Doch den Einsatz des Biozids kritisiert der Naturschutzbund (Nabu). Schließlich gehe es bei dem Gifteinsatz vor allem um wirtschaftliche Interessen, weil das Holz der befallenen Bäume nicht mehr genutzt werden könne. „Man könnte das Absterben der Eichen auch einfach tolerieren“, sagt Waldreferent Stefan Adler.

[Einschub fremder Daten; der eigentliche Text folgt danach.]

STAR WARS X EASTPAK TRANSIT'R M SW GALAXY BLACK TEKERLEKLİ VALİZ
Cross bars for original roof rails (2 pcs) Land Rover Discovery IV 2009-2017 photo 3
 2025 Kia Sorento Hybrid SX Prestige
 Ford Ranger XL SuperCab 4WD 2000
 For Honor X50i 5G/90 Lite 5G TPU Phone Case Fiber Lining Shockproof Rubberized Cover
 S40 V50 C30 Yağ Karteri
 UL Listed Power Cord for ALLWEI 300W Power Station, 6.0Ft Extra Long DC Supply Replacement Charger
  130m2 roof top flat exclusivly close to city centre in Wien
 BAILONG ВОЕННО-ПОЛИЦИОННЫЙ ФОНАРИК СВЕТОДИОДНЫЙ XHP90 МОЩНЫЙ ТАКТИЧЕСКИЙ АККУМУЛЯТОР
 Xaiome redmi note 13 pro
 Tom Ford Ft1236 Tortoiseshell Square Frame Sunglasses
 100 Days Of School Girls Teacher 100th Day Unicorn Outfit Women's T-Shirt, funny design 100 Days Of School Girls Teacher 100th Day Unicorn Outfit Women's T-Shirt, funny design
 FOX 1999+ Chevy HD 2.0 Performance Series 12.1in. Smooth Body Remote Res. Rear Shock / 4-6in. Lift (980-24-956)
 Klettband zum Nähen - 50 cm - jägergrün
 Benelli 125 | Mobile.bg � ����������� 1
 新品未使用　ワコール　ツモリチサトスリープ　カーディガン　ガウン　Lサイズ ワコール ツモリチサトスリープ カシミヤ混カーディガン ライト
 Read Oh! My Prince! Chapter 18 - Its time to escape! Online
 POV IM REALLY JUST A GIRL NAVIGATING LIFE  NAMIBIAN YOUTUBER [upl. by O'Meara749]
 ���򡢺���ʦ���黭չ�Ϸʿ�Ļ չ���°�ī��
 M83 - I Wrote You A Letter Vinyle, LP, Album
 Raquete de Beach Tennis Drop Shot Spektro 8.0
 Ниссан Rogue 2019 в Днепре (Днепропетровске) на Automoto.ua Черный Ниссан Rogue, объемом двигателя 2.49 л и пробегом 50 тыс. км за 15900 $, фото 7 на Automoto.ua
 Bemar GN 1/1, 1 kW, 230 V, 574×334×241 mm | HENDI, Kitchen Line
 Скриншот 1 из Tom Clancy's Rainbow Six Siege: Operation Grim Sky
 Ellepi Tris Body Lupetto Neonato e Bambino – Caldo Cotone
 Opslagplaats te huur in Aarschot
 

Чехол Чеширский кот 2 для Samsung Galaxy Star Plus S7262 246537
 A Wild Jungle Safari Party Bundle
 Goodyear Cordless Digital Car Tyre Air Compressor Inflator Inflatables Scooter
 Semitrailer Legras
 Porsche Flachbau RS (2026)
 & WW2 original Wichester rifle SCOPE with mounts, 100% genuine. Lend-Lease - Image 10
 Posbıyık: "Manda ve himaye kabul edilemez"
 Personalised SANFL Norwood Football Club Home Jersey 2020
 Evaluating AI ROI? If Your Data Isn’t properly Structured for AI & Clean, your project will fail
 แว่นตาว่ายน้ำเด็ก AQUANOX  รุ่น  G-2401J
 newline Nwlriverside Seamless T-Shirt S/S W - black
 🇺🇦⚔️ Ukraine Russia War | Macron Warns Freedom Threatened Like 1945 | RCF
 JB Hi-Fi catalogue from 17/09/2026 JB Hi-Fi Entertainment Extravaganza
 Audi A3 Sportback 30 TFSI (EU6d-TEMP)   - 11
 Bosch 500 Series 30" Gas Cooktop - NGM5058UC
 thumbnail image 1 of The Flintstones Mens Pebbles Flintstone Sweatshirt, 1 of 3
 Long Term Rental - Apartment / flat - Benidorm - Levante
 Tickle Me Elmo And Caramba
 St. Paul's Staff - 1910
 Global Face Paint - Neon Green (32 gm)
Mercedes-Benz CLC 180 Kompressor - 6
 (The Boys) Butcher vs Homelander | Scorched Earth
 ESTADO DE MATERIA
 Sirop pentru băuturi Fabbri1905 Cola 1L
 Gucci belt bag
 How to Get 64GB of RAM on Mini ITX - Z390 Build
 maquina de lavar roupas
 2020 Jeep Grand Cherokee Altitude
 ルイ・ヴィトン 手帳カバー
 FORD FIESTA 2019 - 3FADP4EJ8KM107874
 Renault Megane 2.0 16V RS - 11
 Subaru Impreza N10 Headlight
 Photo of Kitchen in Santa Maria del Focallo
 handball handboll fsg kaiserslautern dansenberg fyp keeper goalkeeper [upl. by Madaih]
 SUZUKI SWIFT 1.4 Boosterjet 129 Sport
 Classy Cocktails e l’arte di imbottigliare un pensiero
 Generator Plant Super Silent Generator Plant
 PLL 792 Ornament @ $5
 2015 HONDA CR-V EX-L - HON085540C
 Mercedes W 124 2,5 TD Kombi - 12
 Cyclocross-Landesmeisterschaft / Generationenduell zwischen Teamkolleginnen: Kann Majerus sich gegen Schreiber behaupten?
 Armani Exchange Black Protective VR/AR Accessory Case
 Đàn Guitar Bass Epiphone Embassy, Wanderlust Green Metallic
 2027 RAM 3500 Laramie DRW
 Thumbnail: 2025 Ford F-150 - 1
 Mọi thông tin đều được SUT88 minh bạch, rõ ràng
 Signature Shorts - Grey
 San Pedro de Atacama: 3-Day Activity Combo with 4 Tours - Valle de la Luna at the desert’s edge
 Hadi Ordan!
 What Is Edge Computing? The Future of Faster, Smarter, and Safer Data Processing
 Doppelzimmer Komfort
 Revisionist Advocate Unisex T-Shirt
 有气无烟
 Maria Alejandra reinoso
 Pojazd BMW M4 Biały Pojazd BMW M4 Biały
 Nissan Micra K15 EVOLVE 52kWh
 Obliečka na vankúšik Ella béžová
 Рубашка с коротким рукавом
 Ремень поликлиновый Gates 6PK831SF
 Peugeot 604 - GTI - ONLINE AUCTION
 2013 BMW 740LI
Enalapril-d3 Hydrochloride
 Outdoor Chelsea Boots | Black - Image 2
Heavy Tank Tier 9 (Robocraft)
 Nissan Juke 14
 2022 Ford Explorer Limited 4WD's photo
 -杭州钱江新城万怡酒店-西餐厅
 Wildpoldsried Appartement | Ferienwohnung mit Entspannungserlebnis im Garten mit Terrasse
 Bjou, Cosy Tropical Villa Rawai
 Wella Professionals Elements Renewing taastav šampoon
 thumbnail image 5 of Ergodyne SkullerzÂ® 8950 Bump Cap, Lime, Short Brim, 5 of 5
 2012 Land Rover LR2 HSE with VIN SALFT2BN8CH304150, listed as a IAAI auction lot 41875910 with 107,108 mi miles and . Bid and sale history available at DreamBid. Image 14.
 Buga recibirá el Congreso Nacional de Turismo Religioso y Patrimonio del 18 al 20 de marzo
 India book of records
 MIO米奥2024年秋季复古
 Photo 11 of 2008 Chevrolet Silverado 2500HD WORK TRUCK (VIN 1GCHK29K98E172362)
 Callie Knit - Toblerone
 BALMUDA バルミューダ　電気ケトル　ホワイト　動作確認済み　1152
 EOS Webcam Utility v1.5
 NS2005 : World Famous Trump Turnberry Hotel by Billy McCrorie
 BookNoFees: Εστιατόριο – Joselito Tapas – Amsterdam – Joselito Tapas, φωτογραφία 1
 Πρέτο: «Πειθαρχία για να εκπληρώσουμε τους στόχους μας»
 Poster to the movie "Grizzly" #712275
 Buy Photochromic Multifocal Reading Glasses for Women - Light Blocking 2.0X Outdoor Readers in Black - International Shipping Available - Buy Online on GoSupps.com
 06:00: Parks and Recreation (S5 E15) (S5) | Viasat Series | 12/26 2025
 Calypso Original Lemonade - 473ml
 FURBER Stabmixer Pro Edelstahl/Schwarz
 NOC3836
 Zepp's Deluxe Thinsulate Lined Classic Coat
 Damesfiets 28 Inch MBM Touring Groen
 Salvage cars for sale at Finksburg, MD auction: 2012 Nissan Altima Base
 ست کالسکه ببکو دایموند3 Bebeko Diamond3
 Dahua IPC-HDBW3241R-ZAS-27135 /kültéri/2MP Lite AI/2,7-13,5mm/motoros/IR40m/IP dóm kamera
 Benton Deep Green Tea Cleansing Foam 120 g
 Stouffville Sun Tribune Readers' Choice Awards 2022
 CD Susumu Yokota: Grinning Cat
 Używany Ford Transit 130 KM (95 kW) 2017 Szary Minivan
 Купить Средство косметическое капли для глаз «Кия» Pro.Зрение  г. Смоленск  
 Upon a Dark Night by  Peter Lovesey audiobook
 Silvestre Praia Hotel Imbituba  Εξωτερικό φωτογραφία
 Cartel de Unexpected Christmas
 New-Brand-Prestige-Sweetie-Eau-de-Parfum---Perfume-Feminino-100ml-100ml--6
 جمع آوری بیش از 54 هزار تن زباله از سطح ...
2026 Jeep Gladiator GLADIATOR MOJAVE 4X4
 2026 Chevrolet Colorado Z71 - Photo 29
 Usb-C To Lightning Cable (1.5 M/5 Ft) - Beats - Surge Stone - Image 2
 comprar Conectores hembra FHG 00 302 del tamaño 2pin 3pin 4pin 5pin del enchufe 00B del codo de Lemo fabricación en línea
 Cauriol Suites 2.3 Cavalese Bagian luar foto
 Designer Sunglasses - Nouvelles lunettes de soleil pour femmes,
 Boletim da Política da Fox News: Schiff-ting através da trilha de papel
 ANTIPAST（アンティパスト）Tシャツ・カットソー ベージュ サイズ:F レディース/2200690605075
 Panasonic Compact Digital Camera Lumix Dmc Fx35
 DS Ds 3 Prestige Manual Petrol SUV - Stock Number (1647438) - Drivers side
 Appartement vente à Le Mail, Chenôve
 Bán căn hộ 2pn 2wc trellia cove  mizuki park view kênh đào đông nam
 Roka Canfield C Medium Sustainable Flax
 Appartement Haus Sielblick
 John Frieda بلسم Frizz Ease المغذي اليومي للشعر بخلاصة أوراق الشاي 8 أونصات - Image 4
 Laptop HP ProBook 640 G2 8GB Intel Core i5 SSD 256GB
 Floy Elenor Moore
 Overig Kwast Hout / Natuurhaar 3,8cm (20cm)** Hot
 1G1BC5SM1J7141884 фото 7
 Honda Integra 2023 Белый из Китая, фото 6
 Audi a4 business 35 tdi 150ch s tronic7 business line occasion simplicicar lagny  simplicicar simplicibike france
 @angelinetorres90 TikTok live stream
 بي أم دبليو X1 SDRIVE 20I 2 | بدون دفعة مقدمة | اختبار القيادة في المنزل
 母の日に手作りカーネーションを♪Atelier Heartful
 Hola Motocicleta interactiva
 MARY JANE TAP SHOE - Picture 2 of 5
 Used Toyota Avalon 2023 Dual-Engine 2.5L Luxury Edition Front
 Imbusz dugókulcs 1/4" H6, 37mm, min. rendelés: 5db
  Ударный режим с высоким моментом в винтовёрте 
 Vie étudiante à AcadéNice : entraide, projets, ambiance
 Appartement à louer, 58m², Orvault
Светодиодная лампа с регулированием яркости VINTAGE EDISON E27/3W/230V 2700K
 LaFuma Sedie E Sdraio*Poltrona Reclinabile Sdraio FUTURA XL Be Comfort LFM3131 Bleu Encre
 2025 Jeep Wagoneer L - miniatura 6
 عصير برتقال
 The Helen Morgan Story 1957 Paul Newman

Wirklich gegen die Nester vorgehen müsse man seiner Meinung nach nur da, wo es eine akute Gefährdung des Menschen gebe – etwa in Parks. „Durch die Bekämpfung mit Gift aus dem Hubschrauber wird der Eichenprozessionsspinner nicht dauerhaft an einer Ausbreitung gehindert“, kritisiert Adler. Abgesehen davon schädige die Substanz nicht nur den Spinner, sondern auch andere Lebewesen.
Teures Teufelszeug
„Es wirkt natürlich auch auf andere Schmetterlingsraupen“, sagt auch Amtsmann Roser über das Biozid. Doch habe man bei einem Vergleich zwischen behandelten und nicht behandelten Flächen keine signifikanten Unterschiede festgestellt. „Die Auswirkungen sind nicht so erheblich, dass zum Beispiel die Vögel keine Nahrung mehr finden.“
Wenn Schädlingsbekämpfer Kleinlogel über den Eichenprozessionsspinner spricht, klingt es mitunter, als gehe es um seinen persönlichen Feind. „Teufelszeug“, sagt er über das Insekt. „Wir ziehen an, was wir können, und trotzdem kriegt man immer wieder etwas ab.“ Das größte Problem gebe es nach der Beseitigung der Nester: „Zieht man dann die Kleidung aus, kommt man mit den Brennhaaren in Kontakt, setzt man sich damit ins Auto, ist das Fahrzeug kontaminiert.“
Mittlerweile lagere sein Unternehmen sämtliches Material für die Beseitigung des Spinners in einem Extracontainer. Es gebe Autos, die nur für die Fahrten zu diesen Einsätzen verwendet werden. Der Schädlingsbekämpfer plädiert für Gift vorher, statt hinterher abzusaugen – obwohl ihn das einen Teil seiner Aufträge kosten würde. „Aber für die Kommunen ist das wirtschaftlich viel sinnvoller.“
Denn die Beseitigung kostet: 130 Euro pro Stunde verlangt Kleinlogel. Manchmal reicht das für einen Baum, meistens nicht. „Im Extremfall arbeiten zwei Mann einen Tag lang mit einer Arbeitsbühne.“ Die Aufträge kämen vor allem von Städten und Gemeinden. „Der Privatmann kann eher mal sagen, dann nutzt er eben das Grundstück nicht, wenn ihm die Beseitigung zu teuer ist“, sagt Kleinlogel. Bei einem Kindergarten sei das nicht so einfach.